*** EXTRACTED MATERIAL ***

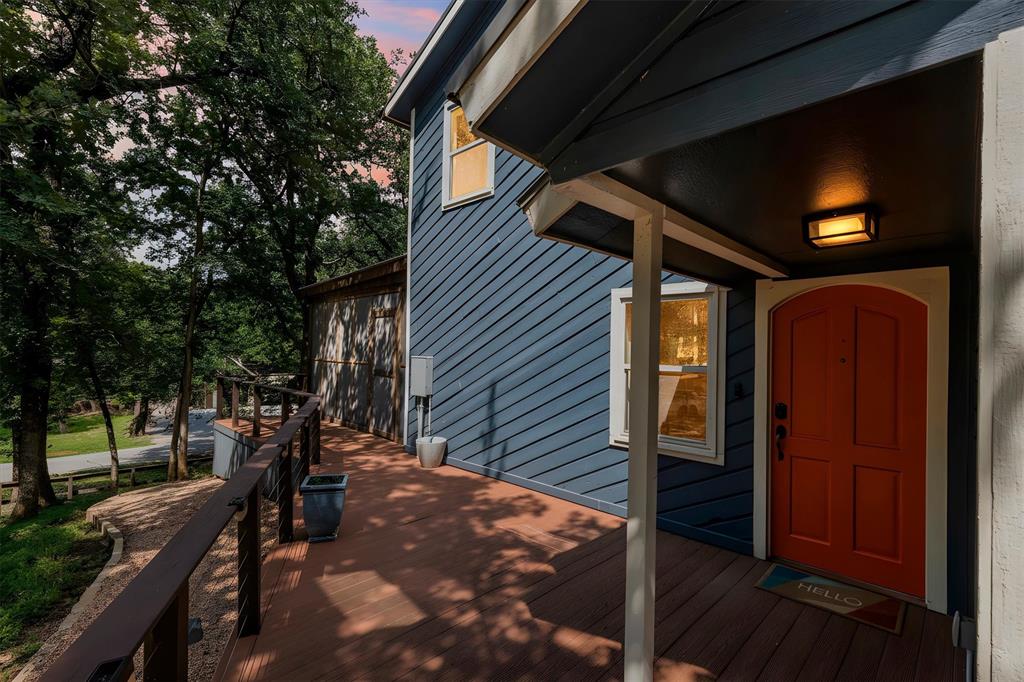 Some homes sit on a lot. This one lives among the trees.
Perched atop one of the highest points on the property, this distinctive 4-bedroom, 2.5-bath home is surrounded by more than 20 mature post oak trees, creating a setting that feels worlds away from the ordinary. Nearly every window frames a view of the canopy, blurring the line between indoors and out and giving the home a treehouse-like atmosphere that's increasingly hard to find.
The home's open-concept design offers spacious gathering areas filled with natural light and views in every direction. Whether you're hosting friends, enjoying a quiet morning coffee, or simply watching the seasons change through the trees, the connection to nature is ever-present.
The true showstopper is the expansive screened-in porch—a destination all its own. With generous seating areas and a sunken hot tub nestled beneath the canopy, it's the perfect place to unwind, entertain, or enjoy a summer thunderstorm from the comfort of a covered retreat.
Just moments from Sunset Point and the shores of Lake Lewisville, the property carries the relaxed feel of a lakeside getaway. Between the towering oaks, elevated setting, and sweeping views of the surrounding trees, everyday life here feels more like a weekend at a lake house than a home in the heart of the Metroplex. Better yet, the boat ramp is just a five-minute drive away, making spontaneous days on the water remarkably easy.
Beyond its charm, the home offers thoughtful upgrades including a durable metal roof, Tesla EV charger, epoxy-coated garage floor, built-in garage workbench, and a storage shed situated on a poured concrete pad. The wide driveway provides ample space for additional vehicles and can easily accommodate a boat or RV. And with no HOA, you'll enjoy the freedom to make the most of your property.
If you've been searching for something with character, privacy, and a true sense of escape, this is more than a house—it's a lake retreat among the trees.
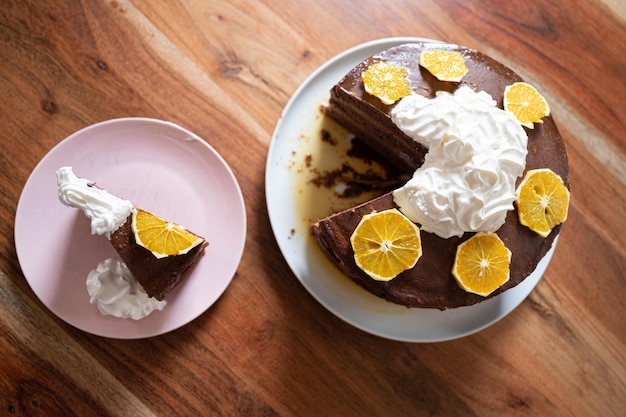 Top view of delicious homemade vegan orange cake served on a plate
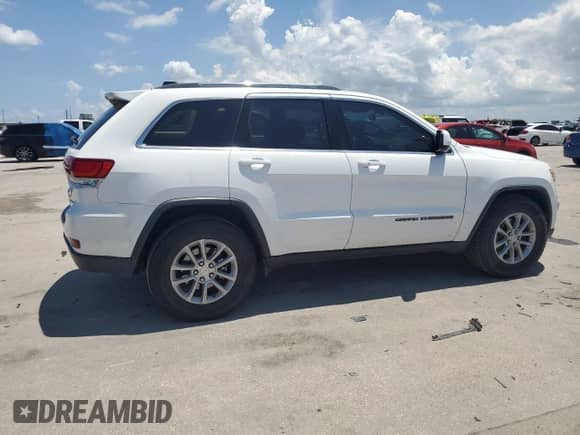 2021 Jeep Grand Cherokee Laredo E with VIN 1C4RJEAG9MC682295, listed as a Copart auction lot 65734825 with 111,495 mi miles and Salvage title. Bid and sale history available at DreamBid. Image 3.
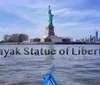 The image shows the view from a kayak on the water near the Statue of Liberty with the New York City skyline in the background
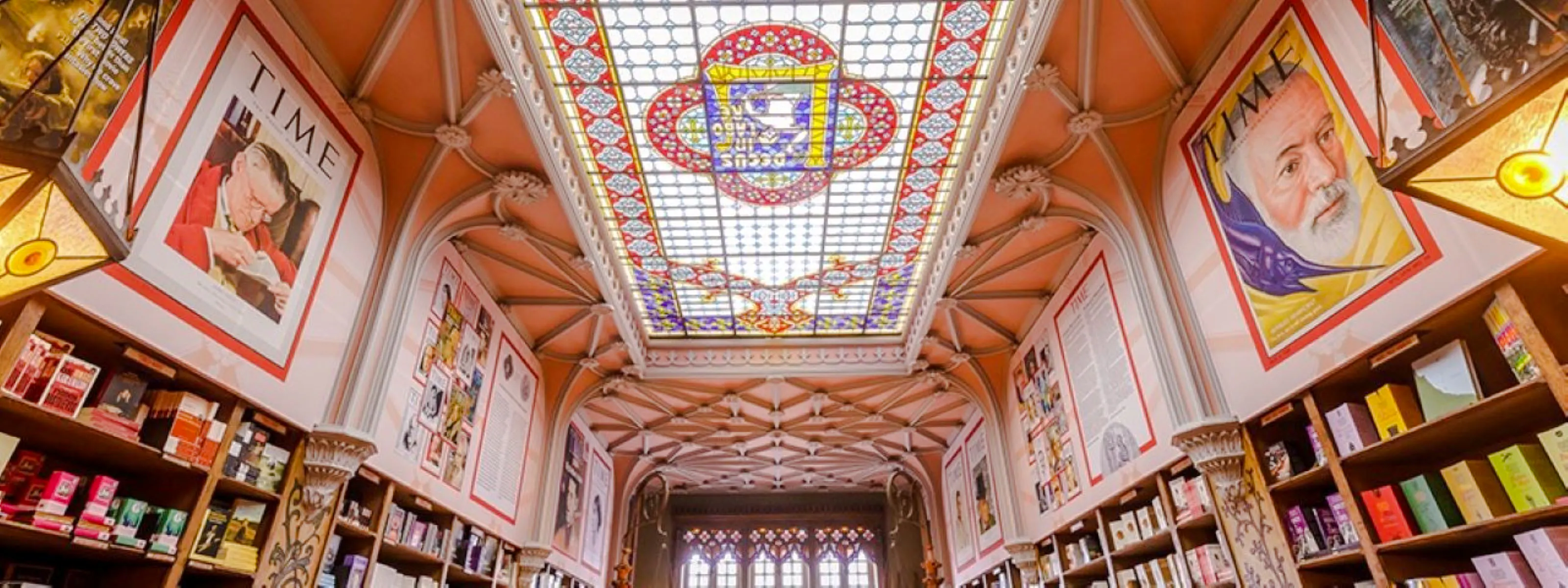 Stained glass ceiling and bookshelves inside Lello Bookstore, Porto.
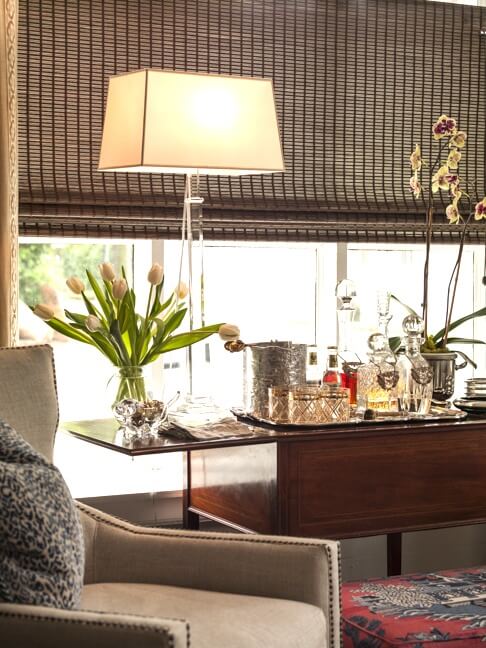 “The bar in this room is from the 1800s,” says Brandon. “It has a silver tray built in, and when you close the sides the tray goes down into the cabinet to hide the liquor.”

*** End of EXTRACTED MATERIAL ***

- [EXERCISE DETAILS] Search the records above for the string "property". Copy every line that contains it.

- [REPLY TO THE TASK]
Perched atop one of the highest points on the property, this distinctive 4-bedroom, 2.5-bath home is surrounded by more than 20 mature post oak trees, creating a setting that feels worlds away from the ordinary. Nearly every window frames a view of the canopy, blurring the line between indoors and out and giving the home a treehouse-like atmosphere that's increasingly hard to find.
Just moments from Sunset Point and the shores of Lake Lewisville, the property carries the relaxed feel of a lakeside getaway. Between the towering oaks, elevated setting, and sweeping views of the surrounding trees, everyday life here feels more like a weekend at a lake house than a home in the heart of the Metroplex. Better yet, the boat ramp is just a five-minute drive away, making spontaneous days on the water remarkably easy.
Beyond its charm, the home offers thoughtful upgrades including a durable metal roof, Tesla EV charger, epoxy-coated garage floor, built-in garage workbench, and a storage shed situated on a poured concrete pad. The wide driveway provides ample space for additional vehicles and can easily accommodate a boat or RV. And with no HOA, you'll enjoy the freedom to make the most of your property.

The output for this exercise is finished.